De qualquer forma, julgo que é fundamental que, no âmbito da família, nas escolas, nos espaços educativos e também nas comunidades, exista acompanhamento próximo de cada criança, adolescente e jovem, sobretudo com capacidade de escuta e acolhimento. Se esse acompanhamento for feito, tenderão a diminuir alguns riscos.
A sociedade deve ter esta consciência. Não podemos ter um ambiente de facilitismo em muitas matérias e depois queixar-nos das consequências. Há aqui discursos e posturas um pouco hipócritas. É preciso acompanhar, estar consciente dos riscos e tomar medidas para preveni-los.
A esse propósito, por exemplo, as medidas de restrição do uso de telemóveis em vários âmbitos escolares poderão trazer bons resultados.

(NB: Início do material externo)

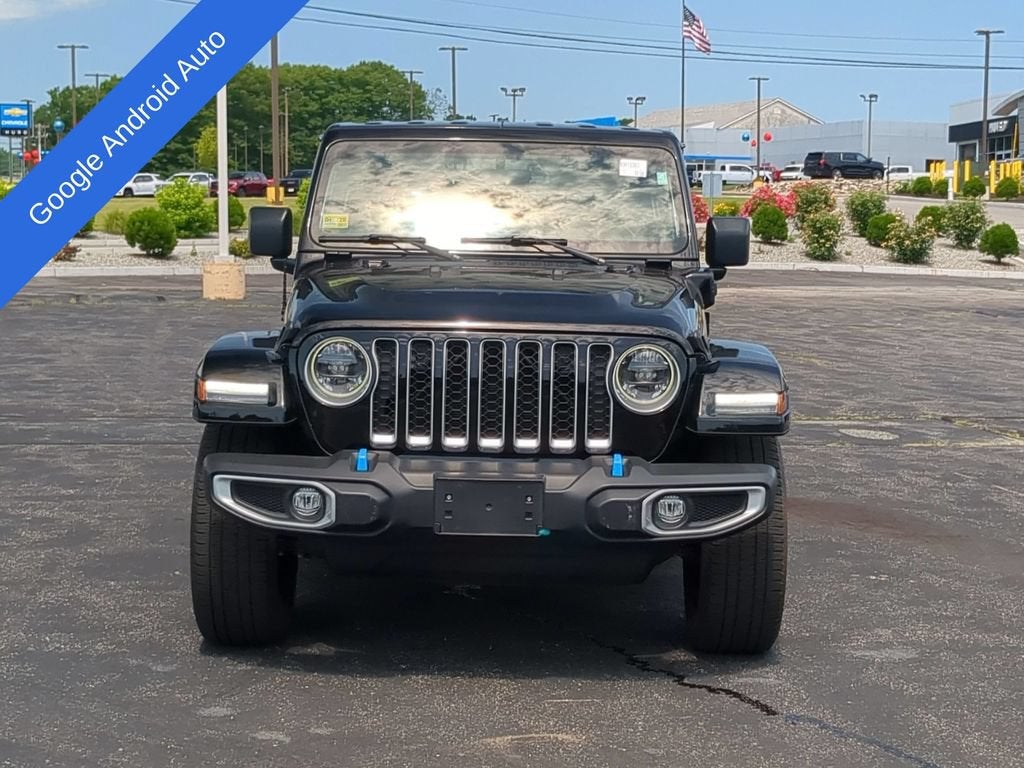 2023 Jeep Wrangler 4xe Sahara 4x4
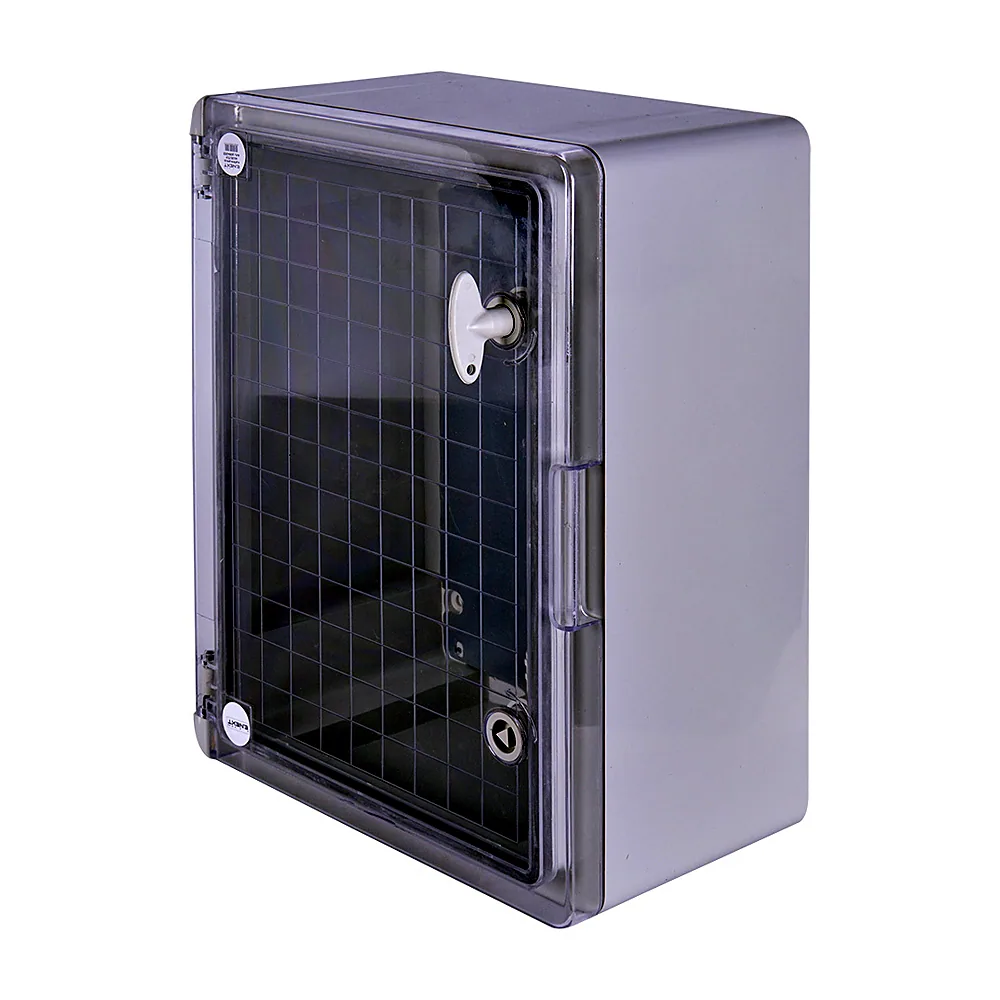 Корпус з ABS-пластику E.NEXT e.plbox.pro.p.40.30.17.tr 400x300x170 мм IP65 p084203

Espero que a sociedade vá aprendendo e tomando as medidas que se impõem.
Por outro lado, é importante acrescentar algo fundamental: nós, Igreja, temos, em primeiro lugar, grande confiança nos mais jovens e, em segundo lugar, uma grande responsabilidade de estar sempre ao lado deles e ajudá-los, sobretudo nos momentos mais difíceis. É preciso assegurar-lhes que podem sempre contar com a Igreja, assim como a Igreja conta com eles. Julgo que é também importante que esta mensagem chegue aos mais jovens.
Voltando de novo à Semana da Educação Cristã: a Comissão Episcopal destaca na mensagem preparada para a iniciativa questões relacionadas com a Inteligência Artificial (IA). Quais são os riscos que mais o preocupam? Estarão os educadores suficientemente alerta?
Essa é uma temática, aliás, muito sensível ao Papa e que, de certo modo, o próprio mundo educativo começa a refletir.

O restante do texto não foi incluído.